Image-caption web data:
═══
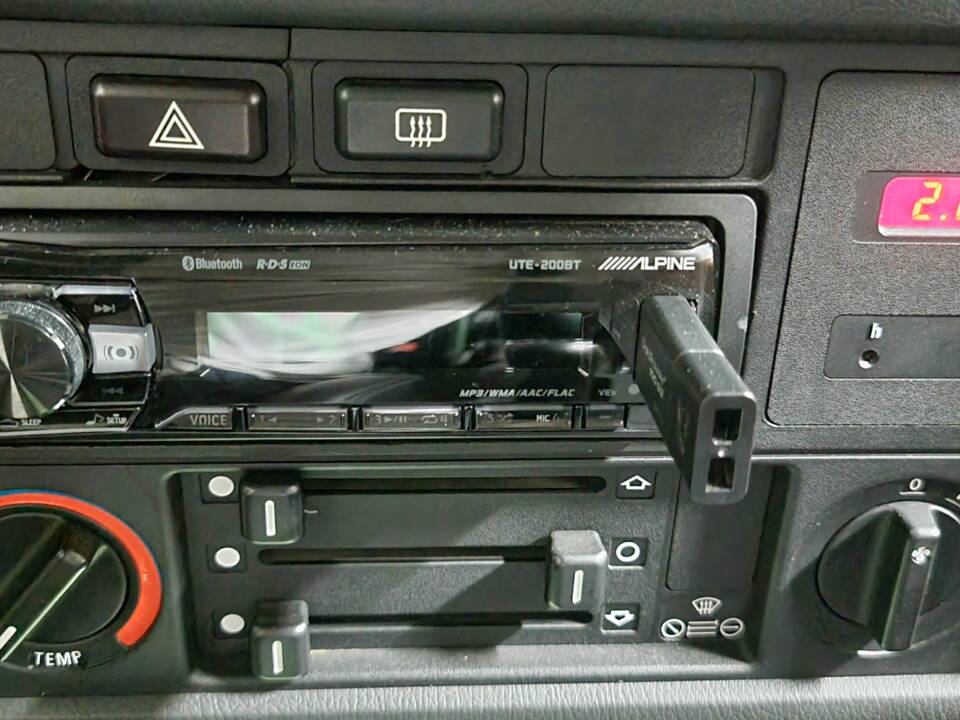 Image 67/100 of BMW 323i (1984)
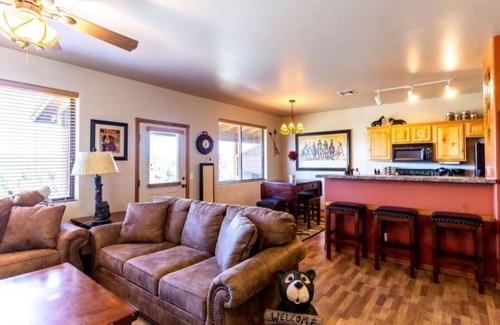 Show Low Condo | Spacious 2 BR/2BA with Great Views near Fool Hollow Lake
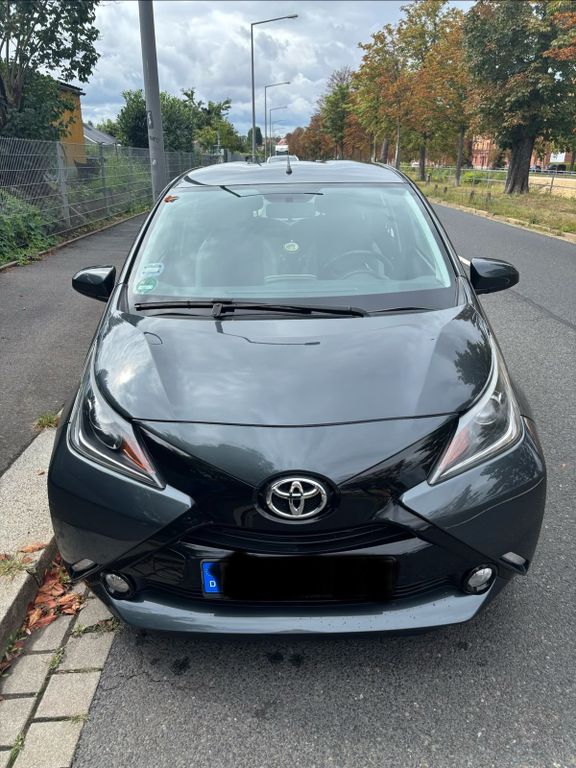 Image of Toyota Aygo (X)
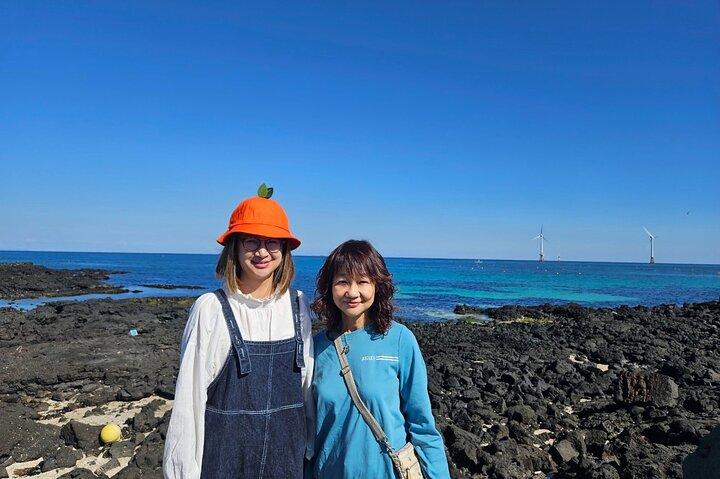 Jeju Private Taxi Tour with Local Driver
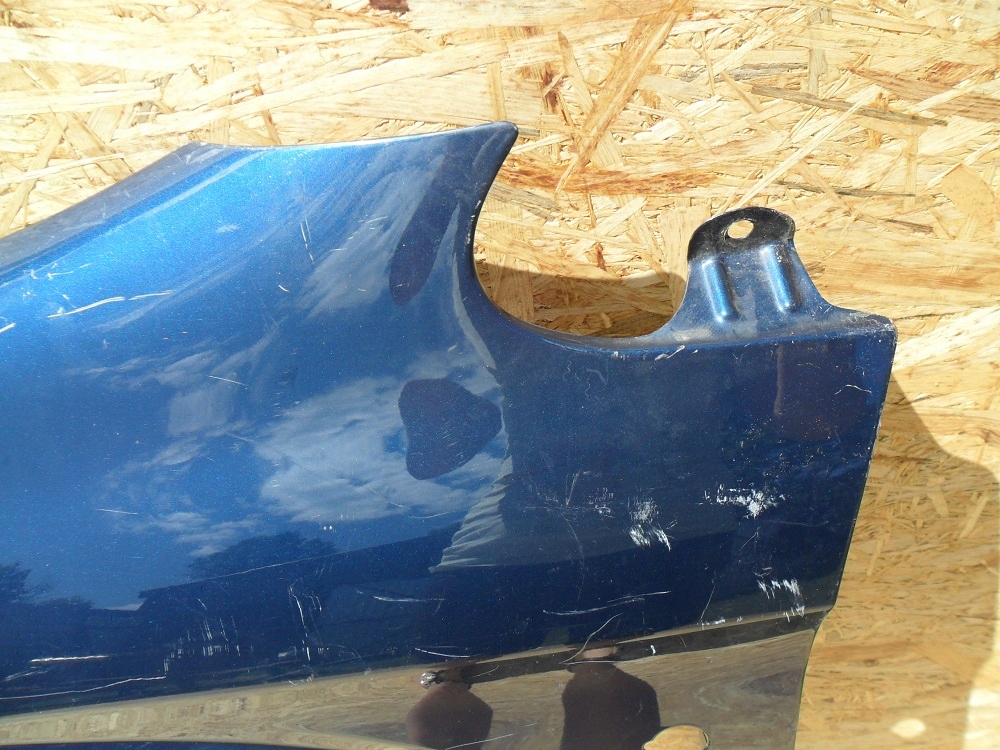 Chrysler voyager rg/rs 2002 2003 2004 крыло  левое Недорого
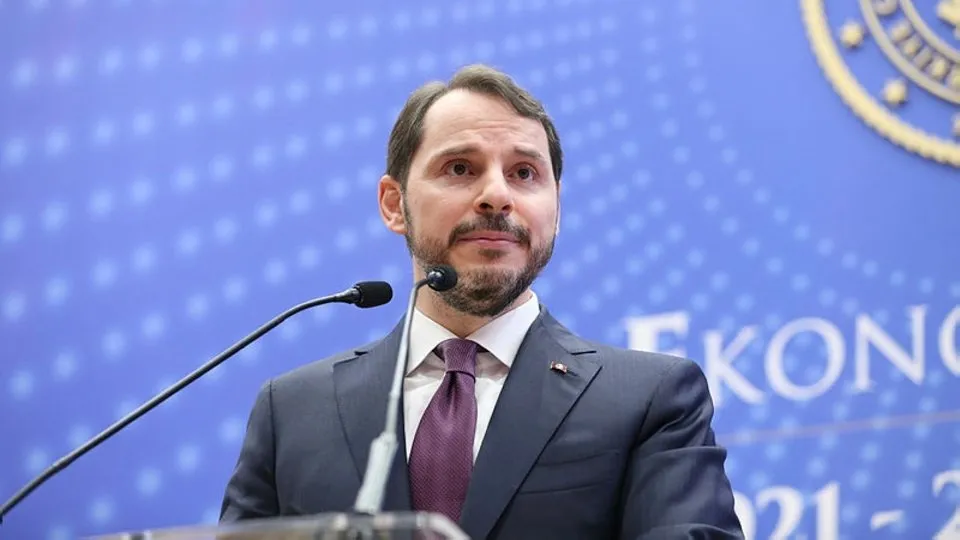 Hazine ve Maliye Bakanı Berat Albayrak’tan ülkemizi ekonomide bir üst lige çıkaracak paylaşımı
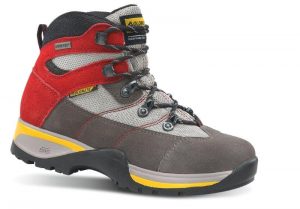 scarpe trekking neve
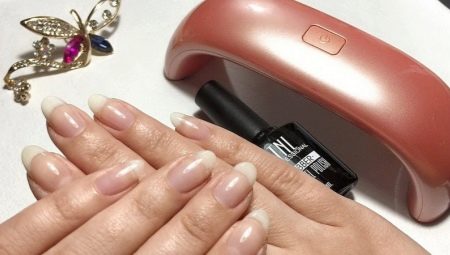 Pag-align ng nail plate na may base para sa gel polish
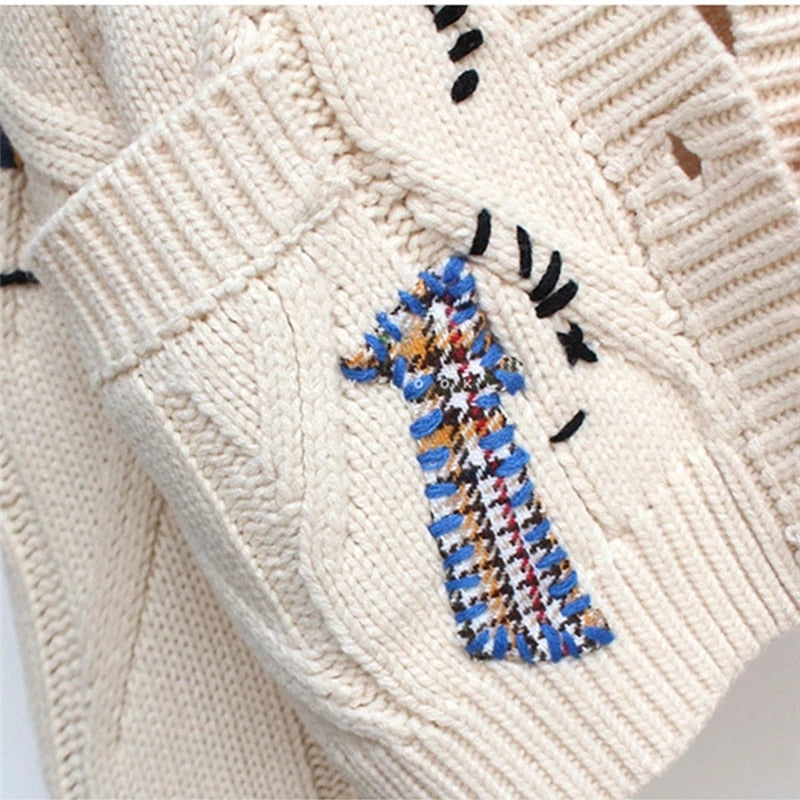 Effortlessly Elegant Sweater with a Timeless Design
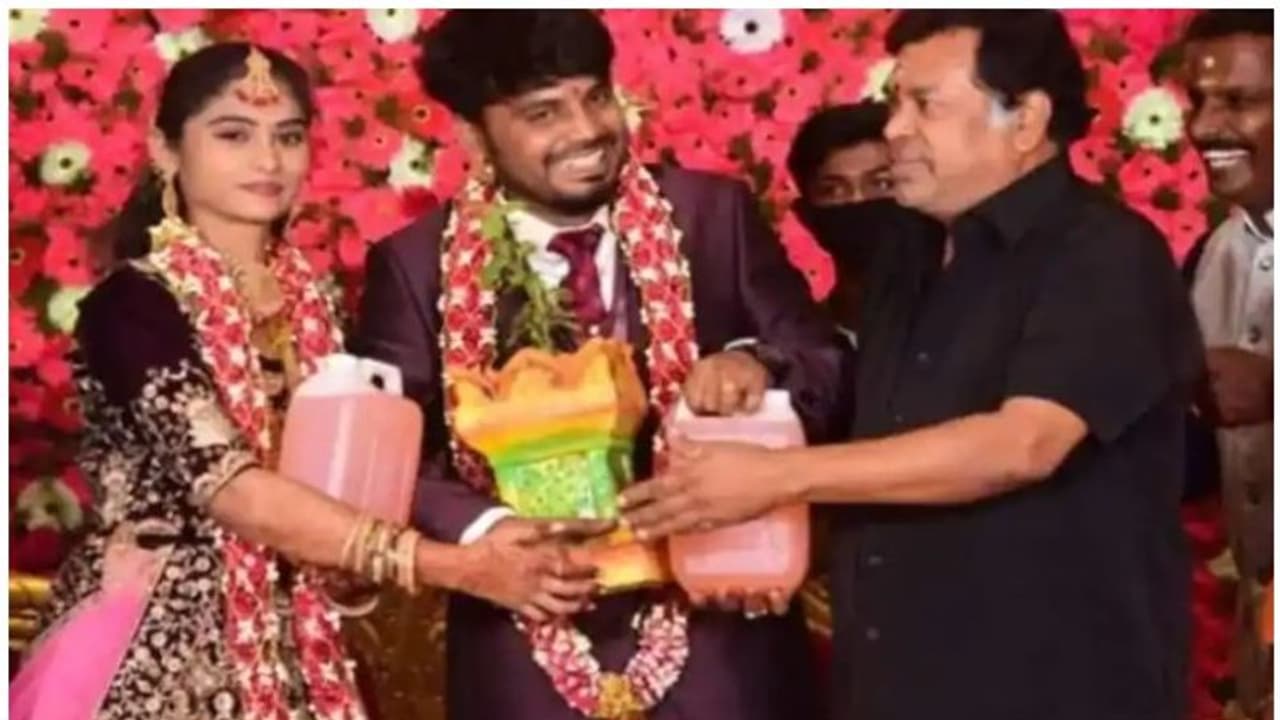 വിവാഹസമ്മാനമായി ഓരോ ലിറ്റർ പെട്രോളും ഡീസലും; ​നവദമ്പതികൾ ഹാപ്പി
═══
- _What to produce_
Only what runs from the line holding "Show Low Condo" through the end of the entries above is to be given again, exactly, with every picture omitted.

- _Response to this exercise_
 Show Low Condo | Spacious 2 BR/2BA with Great Views near Fool Hollow Lake
 Image of Toyota Aygo (X)
 Jeju Private Taxi Tour with Local Driver
 Chrysler voyager rg/rs 2002 2003 2004 крыло  левое Недорого
 Hazine ve Maliye Bakanı Berat Albayrak’tan ülkemizi ekonomide bir üst lige çıkaracak paylaşımı
 scarpe trekking neve
 Pag-align ng nail plate na may base para sa gel polish
 Effortlessly Elegant Sweater with a Timeless Design
 വിവാഹസമ്മാനമായി ഓരോ ലിറ്റർ പെട്രോളും ഡീസലും; ​നവദമ്പതികൾ ഹാപ്പി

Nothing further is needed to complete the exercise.